Presented by threesixtyº

City Hall Plaza

Runs until Dec. 30, 2011

Since J.M. Barrie’s inaugural London stage production in 1905, countless iterations of Peter Pan have graced film and the stage. Each form has its charm; the intimacy of Wendy caring for the Lost Boys shines on the small stage, whereas the majesty of cavorting through the London Sky on the way to Neverland seems a feat best left to cinematography. All of these iterations form a collective memory of the Peter Pan story, but no one adaptation can stand alone.

This is the conundrum of producing Peter Pan, a story that sweeps vast arcs from the small to the big, from tinker bell in a jar, to Hook and the tick-tock of the giant alligator. You need to get the big things right, but you can’t lose the small things too. Luckily for us, threesixtyº’s production, playing in a giant white tent by Government Center through Dec. 30, does both.

The production enjoins dramatic stagecraft with high-flying wire acrobatics, and sets both in an open circular stage enclosed by a giant screen. Think of it as seeing an Imax movie with real, live flying people in a planetarium.

Together, the experience immerses the audience in Neverland. Scenes of the London skyline fly by the audience as the actors hover in midair. The backdrop of the Neverland jungle tingles with activity — butterflies flutter in the background and the branches sway.
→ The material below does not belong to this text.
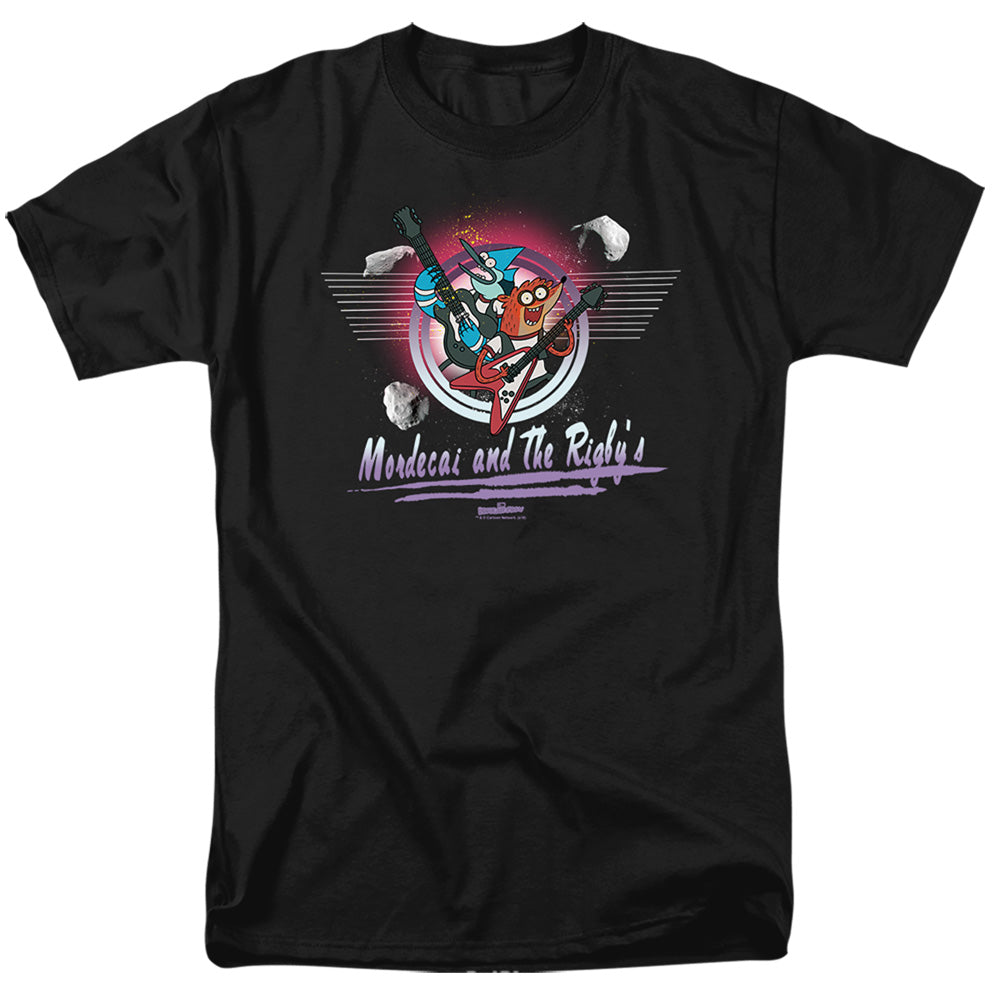 The Regular Show Mordecai & The Rigbys Mens T Shirt Black-6X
The Cannonade from Captain Hook’s pirate ship flies at the audience’s faces and lands with a deafening crash. Fights between the pirates and the Lost Boys spill off the stage and into the audience. At times during the show, it’s terribly easy to fall into the spell of really being in Neverland.

All of this wizardry would be moot if the story itself didn’t live up to the substance of Barrie’s tale of a boy who never grows up. Peter Pan is a much darker story than Disney would have you believe. It struggles between the want to eternally capture the innocence of youth whist knowing that to live is to endure sadness, tragedy, and mortality. Anchored by strong performances from the leads — Chuck Bradley as a puckish Peter and Evelyn Hoskins as an empathetic Wendy — the cast ably delivers on a tricky script that sometimes wanders, but ultimately flies true.

Threesixtyº’s production of Peter Pan is a blockbuster production with carefully choreographed flying scenes, vivid imagery, and an epic scale and grandeur. But like the best blockbusters, those things by themselves are not enough. This Peter Pan soars because it stays true to the story of a little orphan boy who refused to grow up.